DATA EXTRACTS Start Marker
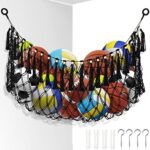 Sports Ball Storage Net or Hammock Macrame Hanging Organizer Stuff Animal Hanging Basket Mesh Plush Toys Basketball Holders for Balls Volleyballs Soccer Storage Rack Boho Decor for Flat Wall, Black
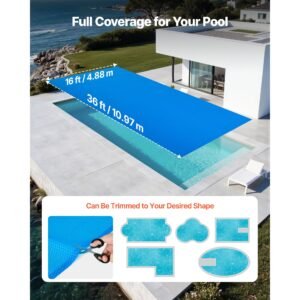 solar pool cover, 36 x 16 ft rectangle pool bubble cover, 12 mil pools solar blanket with bubble & pe material, daytime heat absorption, nighttime heat retention, blue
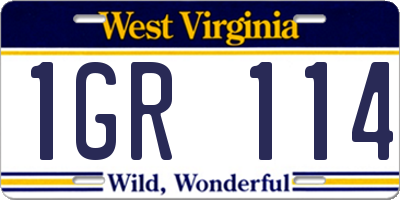 WV license plate 1GR114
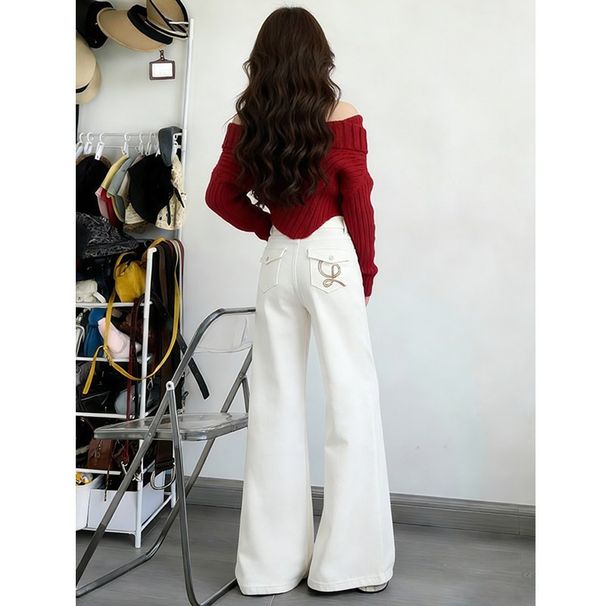 Women's High-Rise White Embroidered Flared Jeans – Vintage 70s Bell Bottom With Boho Stitching & Non-Skinny Fit For Spring_ecoleips.com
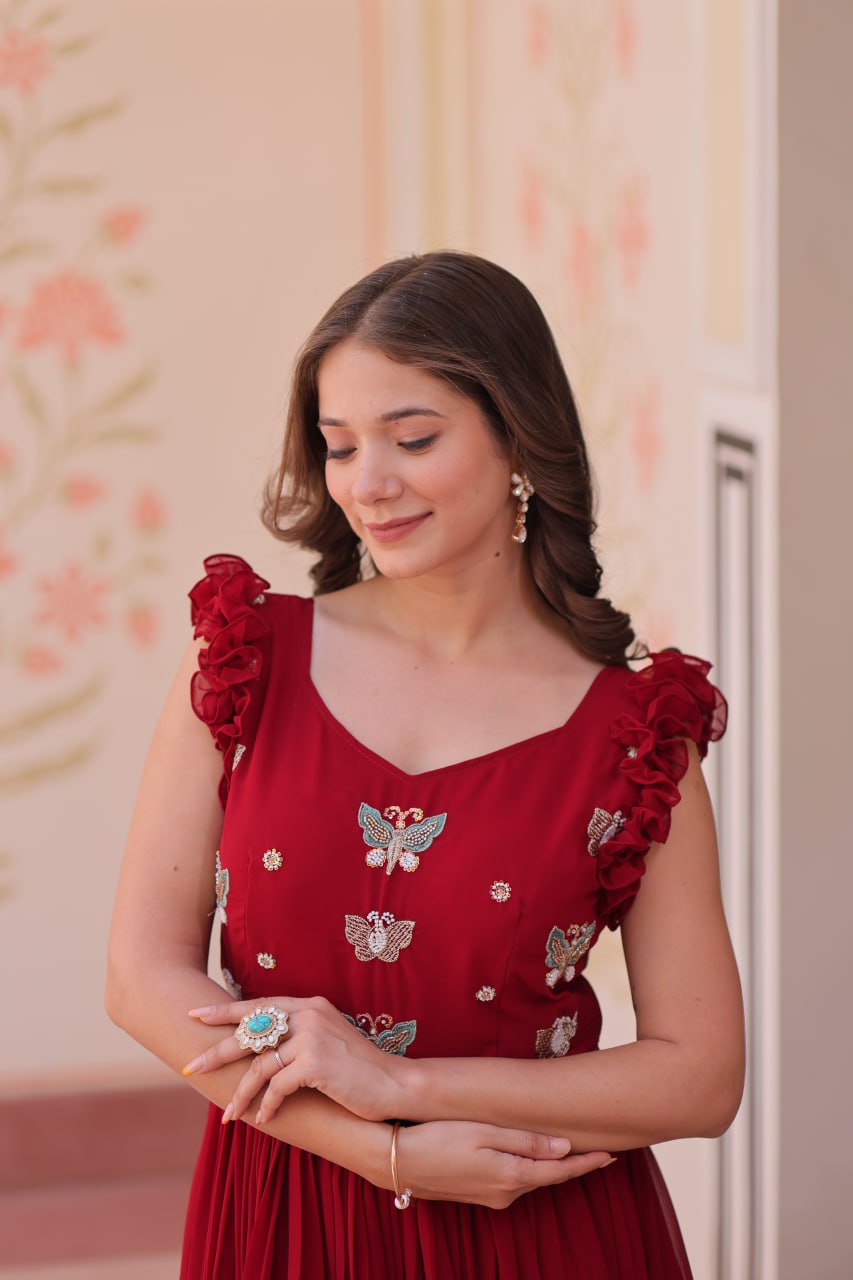 Multithreaded Beads Embroidery work mustard red colour gown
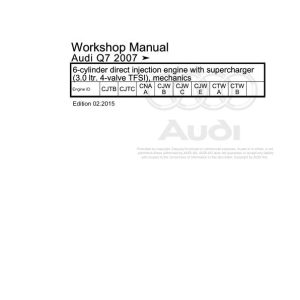 2005 - 2015 Audi Q7 Q7 4L 4LB Workshop Manual and Wiring Diagram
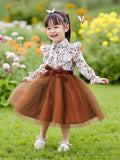 Kid Girls Long Sleeve Lapel Floral Mesh Dress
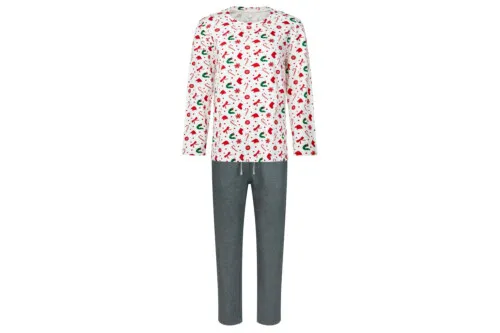 Nest Designs Women's Organic Cotton Long Sleeve PJ Set - Eric Carle Candy Cane Lane M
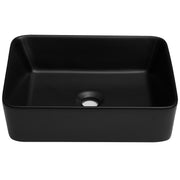 Modern Black Ceramic Rectangular Vessel Bathroom Sink 19' x 15' Stylish and Easy to Maintain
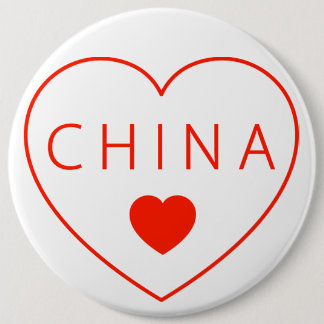 Happy Heart China 6 Inch Round Button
DATA EXTRACTS End Marker
* PROBLEM TO WORK ON *
Only the lines from the first line of the entries through the line containing "Women's High-Rise White" should be output, exactly as they are, without pictures.

* TASK OUTPUT *
 Sports Ball Storage Net or Hammock Macrame Hanging Organizer Stuff Animal Hanging Basket Mesh Plush Toys Basketball Holders for Balls Volleyballs Soccer Storage Rack Boho Decor for Flat Wall, Black
 solar pool cover, 36 x 16 ft rectangle pool bubble cover, 12 mil pools solar blanket with bubble & pe material, daytime heat absorption, nighttime heat retention, blue
 WV license plate 1GR114
 Women's High-Rise White Embroidered Flared Jeans – Vintage 70s Bell Bottom With Boho Stitching & Non-Skinny Fit For Spring_ecoleips.com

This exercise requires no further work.